Wyszukaj w publikacjach
Sąd: każda metoda leczenia musi być zgodna z aktualną wiedzą medyczną

Wojewódzki Sąd Administracyjny w Warszawie po raz kolejny stanął po stronie pacjentów, potwierdzając, że każde świadczenie zdrowotne, niezależnie od jego formy, musi być oparte na aktualnej wiedzy medycznej. Sprawa dotyczyła placówki stosującej niekonwencjonalne terapie onkologiczne, takie jak salinomycyna, wlewy z witaminy C czy bioelektroterapia. Sąd przyznał rację Rzecznikowi Praw Pacjenta i utrzymał nałożoną na podmiot karę finansową.
Wojewódzki Sąd Administracyjny w Warszawie oddalił skargę placówki medycznej, która kwestionowała decyzję Rzecznika Praw Pacjenta dotyczącą stosowania metod niezgodnych z aktualną wiedzą medyczną. Wyrok, który zapadł, potwierdził, że leczenie pacjentów, także w obszarze terapii wspomagających, musi mieć naukowe uzasadnienie.
WSA: nawet leczenie wspomagające wymaga naukowych podstaw
Decyzja Rzecznika dotyczyła stosowania przez jedną z placówek kontrowersyjnych metod w terapii onkologicznej, w tym preparatów zawierających salinomycynę, wlewów z witaminy C i kurkuminy oraz tzw. bio-elektroterapii.

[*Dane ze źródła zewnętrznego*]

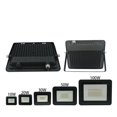 thumbnail image 3 of Projecteur LED 10W 20W 30W 50W 100W Lampe Étanche IP68 Réflecteur LED Extérieur, Facile à Installer, 3 of 6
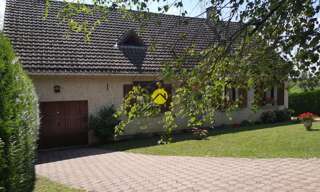 Maison 6 Pièces 132 m² à vendre à Bléneau (89220)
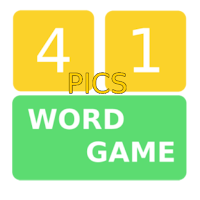 4 Pics 1 word game
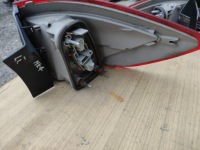 фото thumb №1, Лампа левая w крыло mondeo mk4 kombi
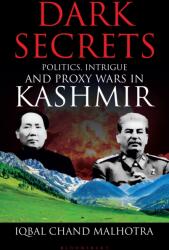 Dark Secrets (ISBN: 9789356409736)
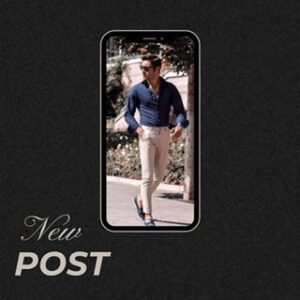 نمونه کار ادمین محمد مهدی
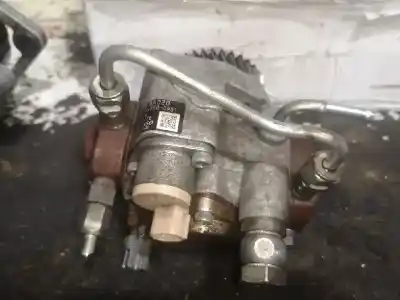 Pezzo di ricambio per auto di seconda mano pompa diniezione per subaru forester (s12/sh) ee20 riferimenti oem iam 2940000981  
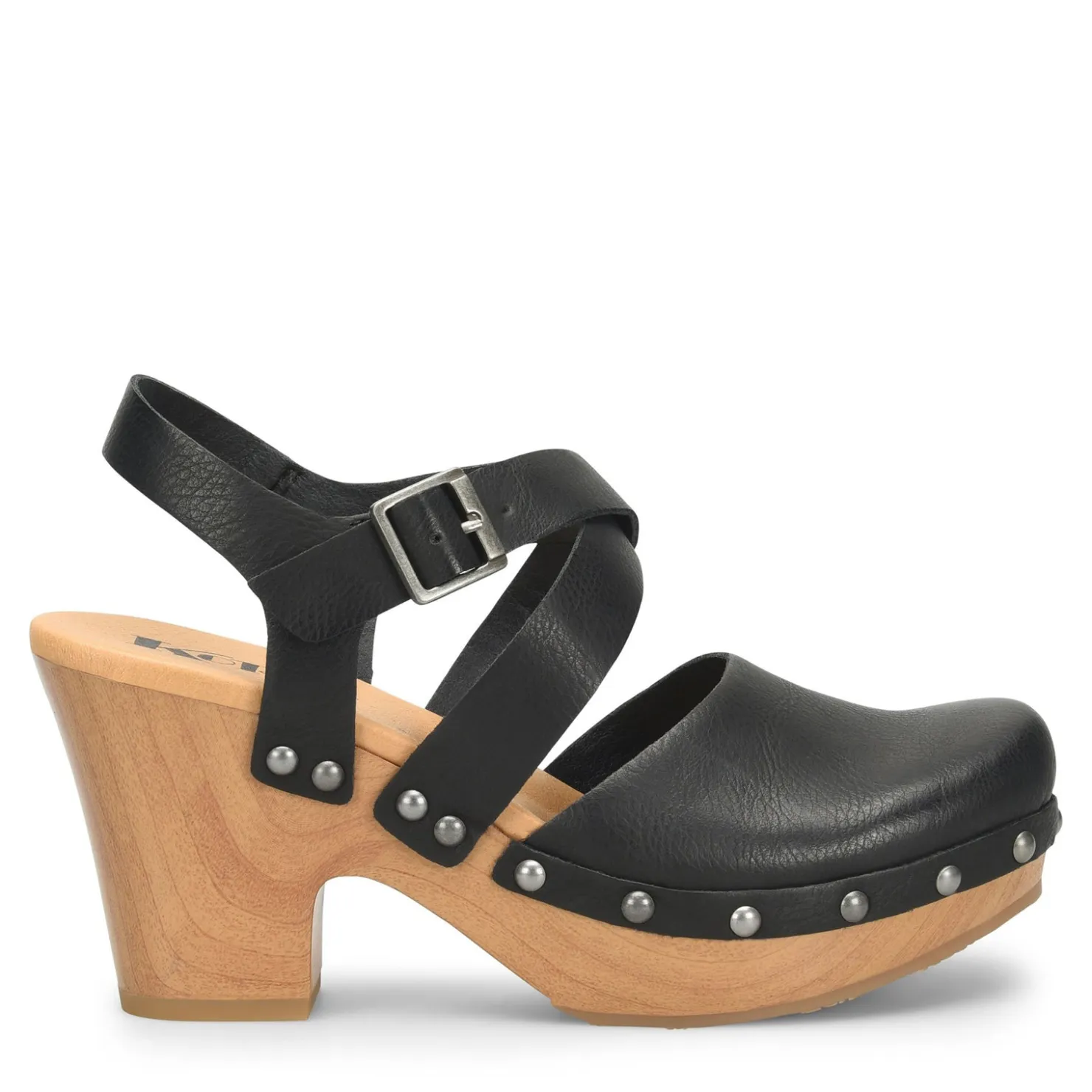 Women's , Abloom Clog|Korks
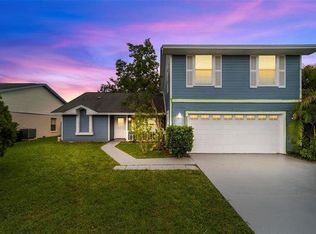 2029 Gamboge Dr, Orlando, FL 32822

Rzecznik uznał takie postępowanie za naruszające zbiorowe prawo pacjentów do świadczeń zdrowotnych odpowiadających wymaganiom aktualnej wiedzy medycznej. Jak podkreślono, w toku postępowania Rzecznik oparł się na szerokim materiale dowodowym – opinii sześciu konsultantów wojewódzkich z zakresu onkologii klinicznej, radioterapii i chirurgii onkologicznej, stanowisku Naczelnej Rady Lekarskiej oraz raporcie zespołu ekspertów tej instytucji. Do sprawy włączono także analizy Agencji Oceny Technologii Medycznych i Taryfikacji.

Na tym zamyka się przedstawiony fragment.